La parola della settimana di Cesare Torta: DP

Tempi duri per gli aspiranti scissionisti.

Dopo una fatica immane per trovare un nuovo marchio in grado di riflettere lo spirito profondo che dovrà sintetizzare gli obiettivi della nuova formazione politica e, soprattutto, evidenziare le differenze rispetto al partito di provenienza, si era arrivati ad un buon risultato: “Articolo 1 – Democratici e progressisti”, in breve “DP”. Vantaggi: in cabina elettorale può essere confuso con “PD”, può catturare le simpatie di qualche vecchio nostalgico che in gioventù aderiva a Democrazia Proletaria, nessun riferimento alle parole chiave dei movimenti di sinistra del secolo scorso come “Comunista” e “Socialista” per non spaventare i benpensanti.

Poi salta fuori la notizia che “Democratici e progressisti” è un marchio già registrato da esponenti del PD in Calabria. Se non si vuole innescare una battaglia legale che potrebbe durare anni occorre trovare in fretta un nuovo nome. È una parola! E quando le parole disponibili sono inferiori al numero delle idee che stavano dietro alle scissioni avvenute negli ultimi decenni si può creare una situazione paradossale: non potersi separare per mancanza di parole. A meno di ricorrere a termini appartenenti agli schieramenti dei partiti concorrenti, con il rischio di creare più confusione di quella fisiologica che segue ad ogni scissione che si rispetti.

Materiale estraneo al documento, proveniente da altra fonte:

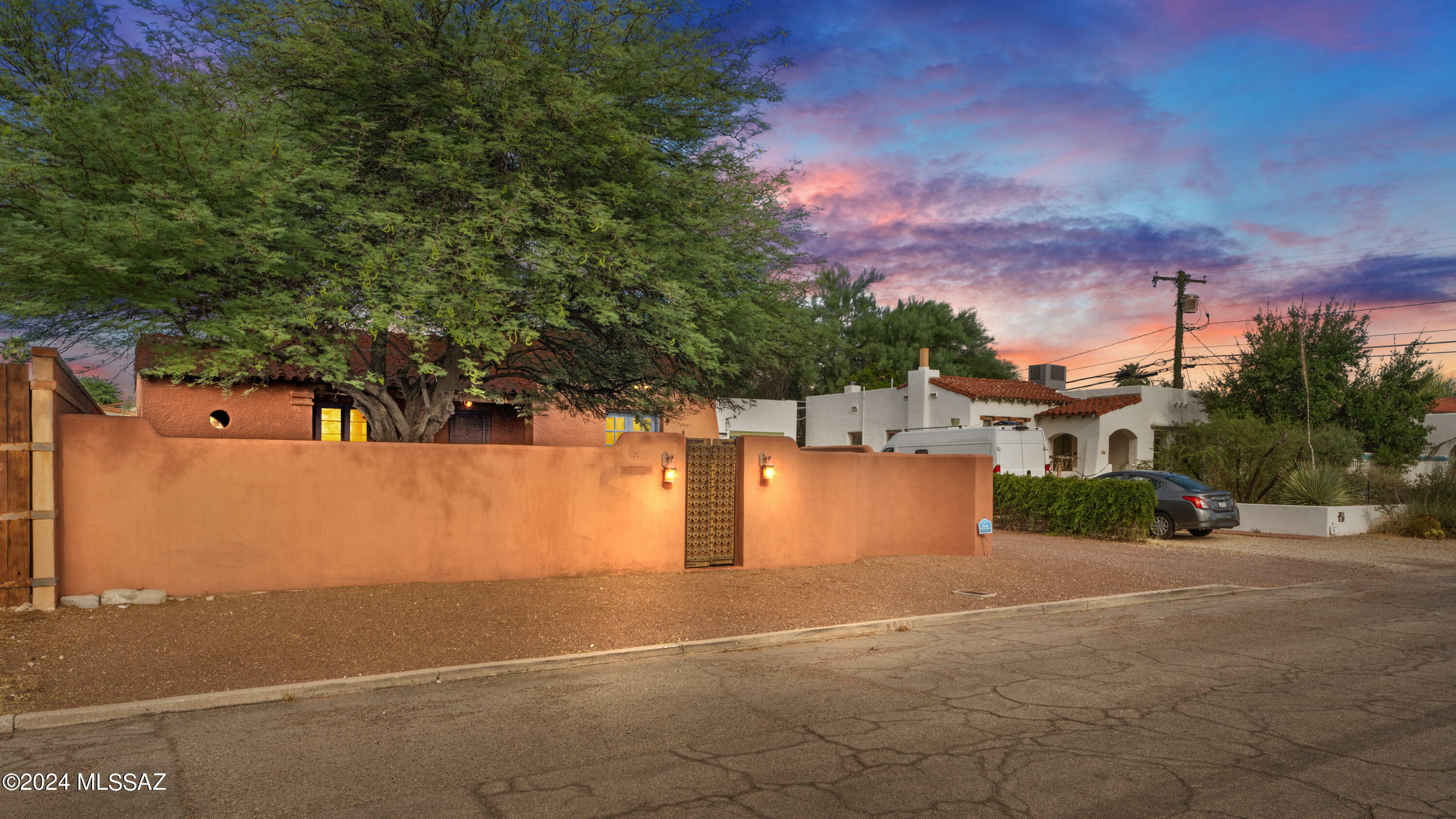 Property Photo:  1136 N Norton Avenue  AZ 85719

Bisogna approvare al più presto una legge per regolamentare la nascita di nuovi partiti e le nuove formazioni che possono nascere dalla fusione o dalla scissione di partiti esistenti. Si potrebbe stabilire, ad esempio che se due partiti si uniscono debbano riportare un pezzo di nome di entrambi (Es.: Forza Italia + Lega = Forza legami”) mentre in caso di scissione si possa utilizzare solo un pezzo del nome del partito di provenienza (Es.: Partito Democratico = Partito Demo e Partito Cratico. Il vantaggio sarebbe quello di incentivare le unioni e porre un limite legale alla litigiosità interna di certi partiti. Finite le parole, finite le idee.

Una volta risolto il problema del nome e delle regole per come gestire tali nomi si potrebbe, se rimane il tempo e la volontà politica, cercare di fare una proposta concreta di come creare nuovi posti di lavoro. Una sola.